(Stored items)
------------------------------

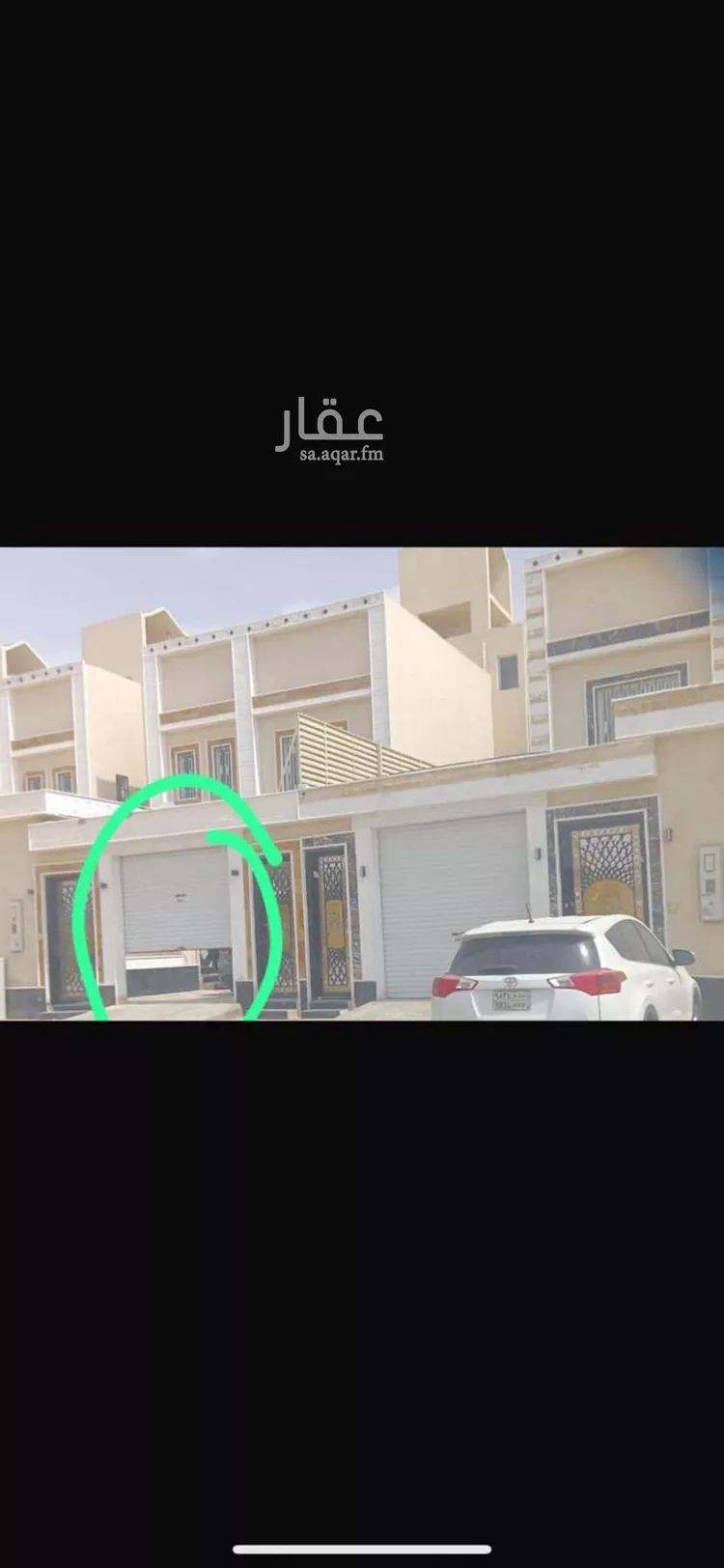 فيلا للبيع في شارع عيبان, حي طيبة, مدينة الرياض, منطقة الرياض صورة 2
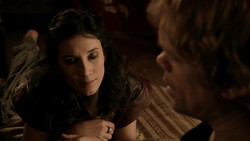 extant_GameOfThrones_1x09-Baelor_4068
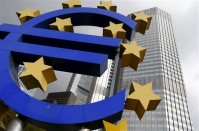 Γιατί “Πάση θυσία στο ευρώ”, το κεφάλαιο και τα κόμματα του; Παντιέρα ...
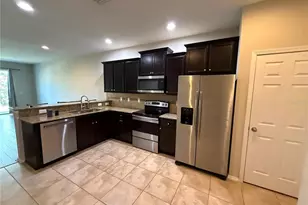 8827 Turnstone Haven Pl, Tampa, FL 33619 - Photo 3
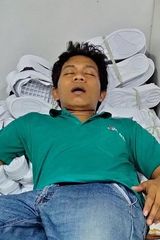 Zdjęcie użytkownika RenaldiM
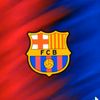 farax.mohamed86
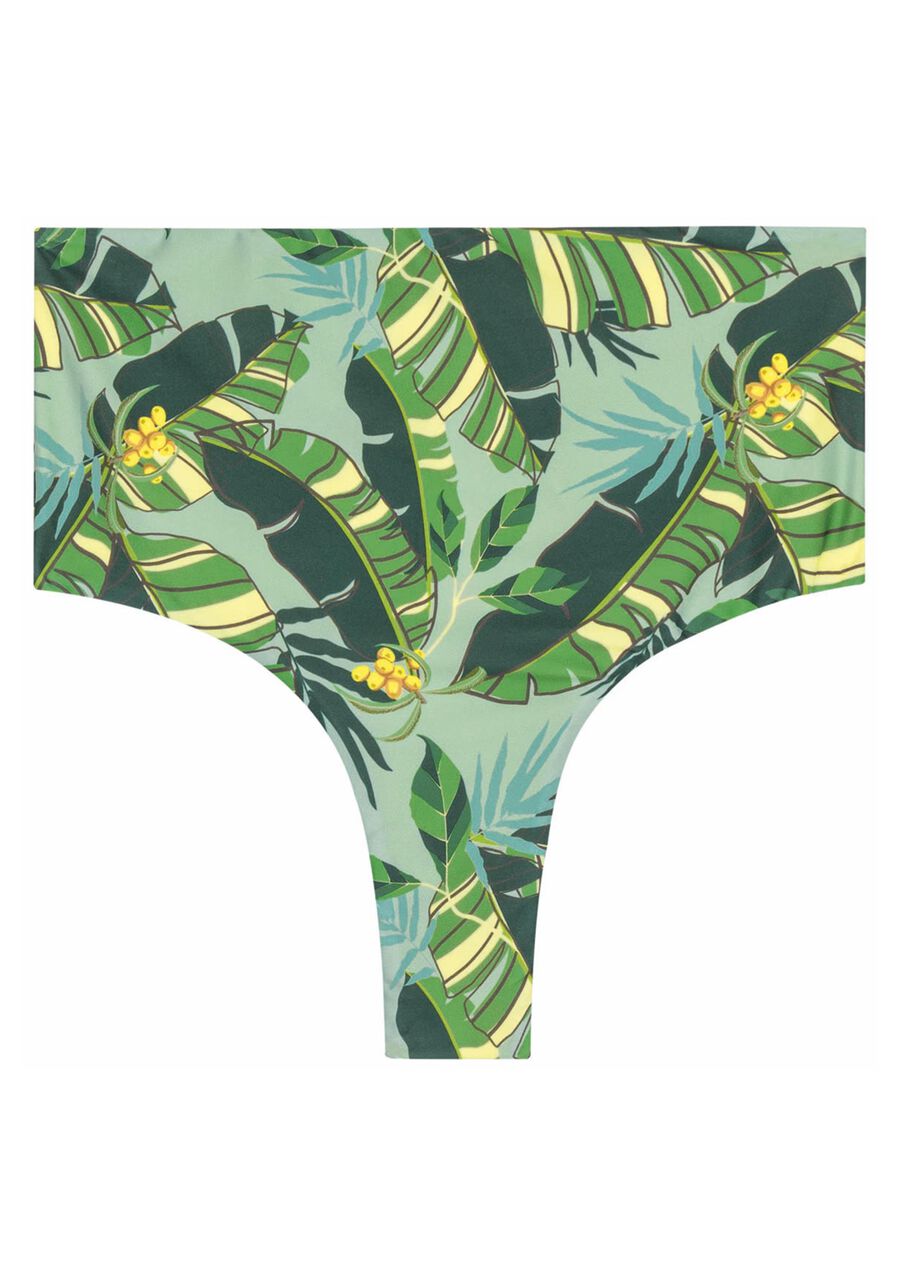 Calcinha Biquíni Hot Pant Estampada Fio Duplo, . Calcinha Biquíni Hot Pant Estampada Fio Duplo, , large.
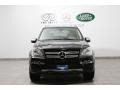 Black - GL 450 4Matic Photo No. 3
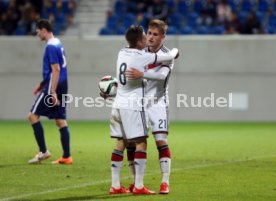 DFB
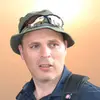 vinceKirk0 - @vincekirk0 - TikTok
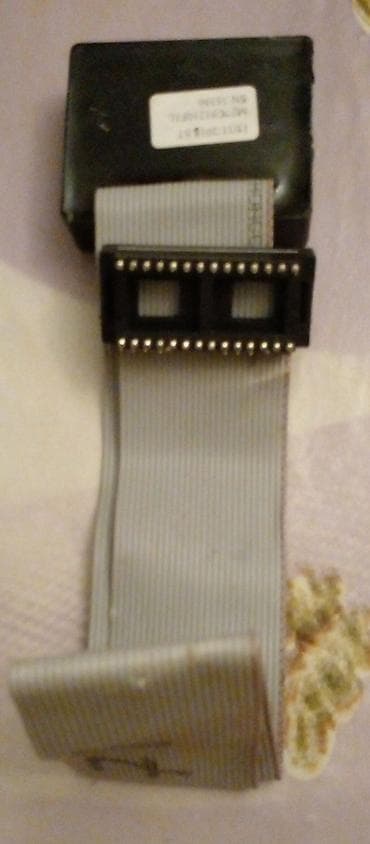 Adapter İşlənmiş lalafo.az -da Adapter İşlənmiş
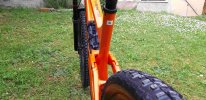 Trek Slash 7_9.jpg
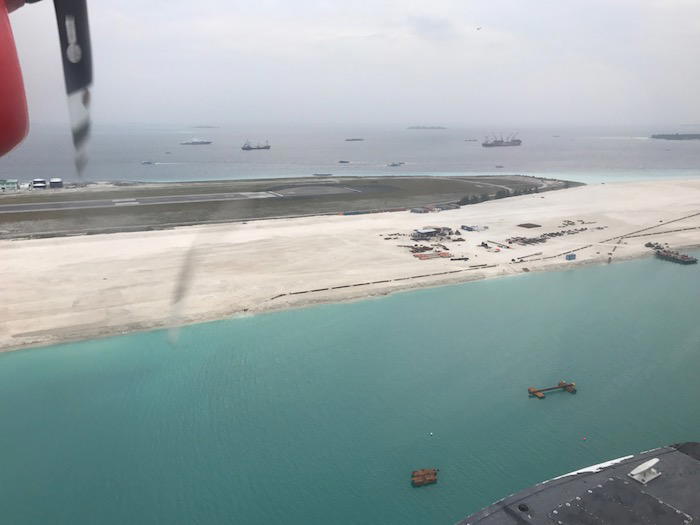 Trans-Maldivian-Airways - 35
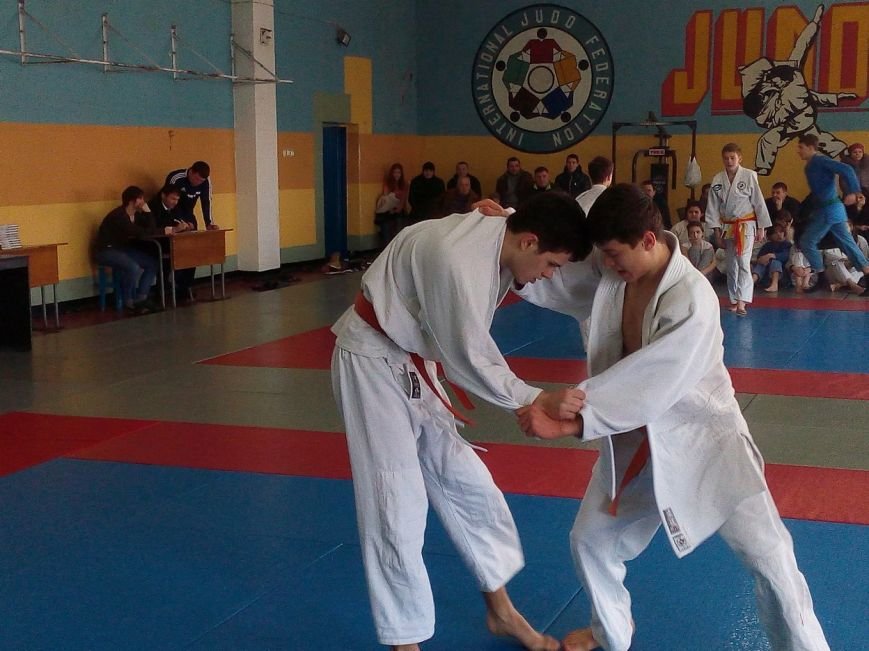 Дзюдо_21_02_2015_5 Дзюдо_21_02_2015_5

------------------------------

- EXERCISE INSTRUCTIONS -
Give again, word for word, the line that contains "8827 Turnstone Haven" and every line after it through the end of the entries; omit the pictures.

- RESULT FOR THIS TASK -
 8827 Turnstone Haven Pl, Tampa, FL 33619 - Photo 3
 Zdjęcie użytkownika RenaldiM
 farax.mohamed86
 Calcinha Biquíni Hot Pant Estampada Fio Duplo, . Calcinha Biquíni Hot Pant Estampada Fio Duplo, , large.
 Black - GL 450 4Matic Photo No. 3
 DFB
 vinceKirk0 - @vincekirk0 - TikTok
 Adapter İşlənmiş lalafo.az -da Adapter İşlənmiş
 Trek Slash 7_9.jpg
 Trans-Maldivian-Airways - 35
 Дзюдо_21_02_2015_5 Дзюдо_21_02_2015_5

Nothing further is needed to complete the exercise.